Deeper Commentary
	  
	  
	  
	  My God, my God, why have You forsaken me?- 
This verse is quoted by the Lord Jesus just moments before He died, and it has been suggested He cited the entire Psalm on the cross, as the last verse finishes (in LXX) with something similar to His last words, "it is finished". It certainly reflects a crisis in the Lord in His last few minutes of human life. He had been crying out aloud for deliverance, presumably for some time, according to Ps. 22:1-6, both during and before the unnatural three hour darkness. He felt that His desire for deliverance was not being heard, although the prayers of others had been heard in the past when they cried with a like intensity. The Lord Jesus was well aware of the connection between God's refusal to answer prayer and His recognition of sin in the person praying (2 Sam. 22:42 = Ps. 2:2-5). It is emphasized time and again that God will not forsake those who love Him (e.g. Dt. 4:31; 31:6; 1 Sam. 12:22; 1 Kings 6:13; Ps. 94:14; Is. 41:17; 42:16). Every one of these passages must have been well known to our Lord, the word made flesh. He knew that God forsaking Israel was a punishment for their sin (Jud. 6:13; 2 Kings 21:14; Is. 2:6; Jer. 23:33). God would forsake Israel only if they forsook Him (Dt. 31:16,17; 2 Chron. 15:2). The Lord was so identified with our sin that He felt as a sinner, although he wasn't in fact.
	  
 In 
	  every other recorded prayer of His in the Gospels, the Lord addressed the 
	  Almighty as “Father"; but finally He used the more distant “My God", 
	  reflecting the separation He felt. But therefore His mind flew to Ps. 

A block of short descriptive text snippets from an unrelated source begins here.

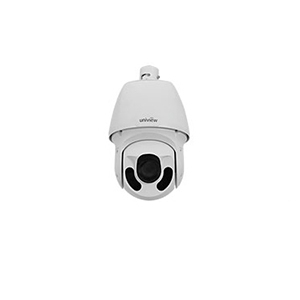 IPC622L-X20SIR-DT-720P高清红外球型网络摄像机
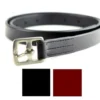 Ascot Stirrup Leathers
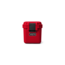 Yeti Loadout GoBox 15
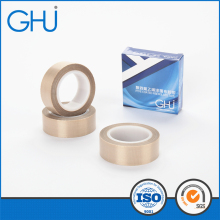 PTFE Heat Sealing Tapes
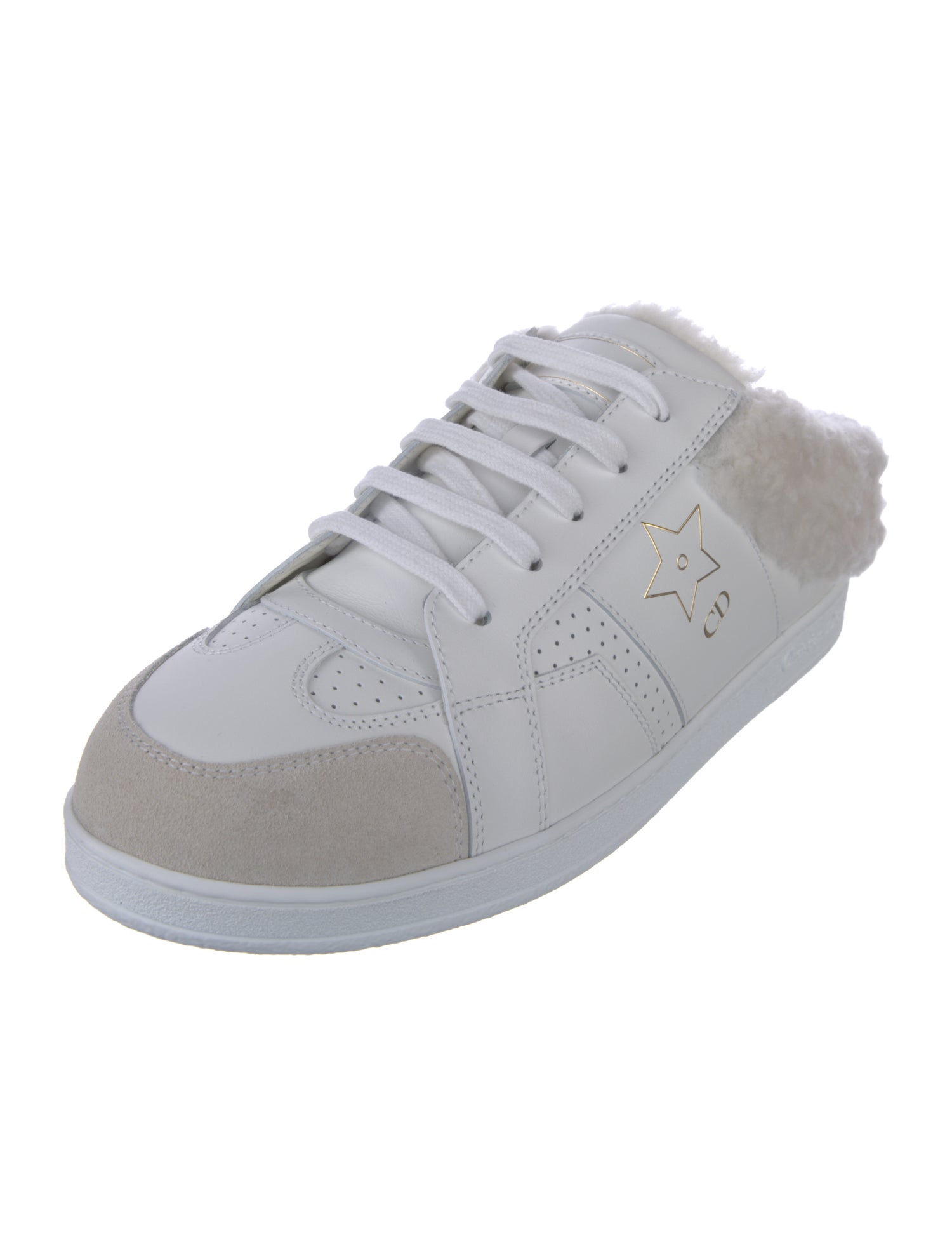 Christian Dior Ors w/ Tags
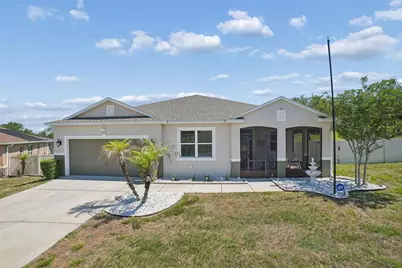 11302 Wishing Well Lane, Clermont, FL 34711 - Photo 1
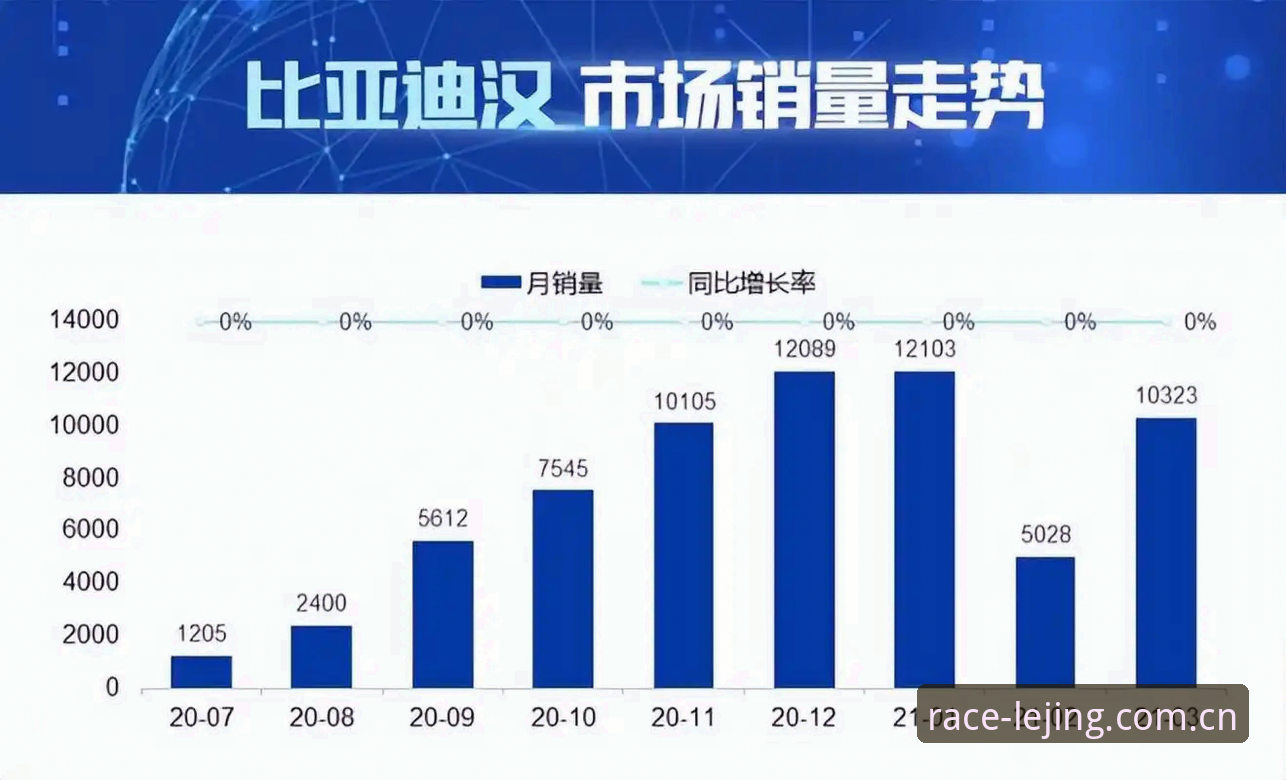 乐竞客户端官方下载 世界杯安保vs欧洲杯安保:英国警员外派规模缩减背后的创新应对策略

	  22:1, and He quoted those words: "My God, why have You forsaken me". But 
	  the fact His mind went to the Scriptures like that was His salvation. 
	  There is reason to think that in His last few minutes, the Lord quoted the 
	  whole of Ps. 22 out loud. . Thus He asked for a drink "that 
	  the Scripture might be fulfilled", or finished, and then His words "It 
	  is finished" followed- which are actually an exact quote from the 
	  Septuagint of the last verse of Ps. 22. Psalms 22 and 69 can be clearly 
	  divided into two halves; the first half speaks of the confused thoughts of 
	  the Lord Jesus as He hung on the cross, but then there is a sudden rally, 
	  and His thoughts become clearly more confident and positive, centered 
	  around the certainty of our future salvation. As Christ quoted or at least 
	  thought through Psalm 22, He came to the glorious conclusion: Of course 
	  this is how Messiah must feel, He must feel forsaken, as Ps. 22 
	  prophesied, but He would go on to save God's people! Just because Messiah 
	  would feel forsaken didn't mean that He Himself had sinned! We can 
	  almost sense the wave of reassurance that swept over our Lord, that deep 
	  knowledge of His own good conscience. And therefore how desperate He was, 
	  despite that ravaging thirst, to utter to the world that cry, "It is 
	  finished" ; to show to us all that He had achieved God's work, that He 
	  had perfectly manifested the Father, and that thereby He really had 
	  achieved our redemption. 
	  
	  
	  
	  
	  
	  
	  Psa 22:2 My God, I cry in the daytime, but You don’t answer; in the night 
	  season, and am not silent- As suggested on :1,
	  the 
	  Lord did so both during and before the unnatural three hour darkness.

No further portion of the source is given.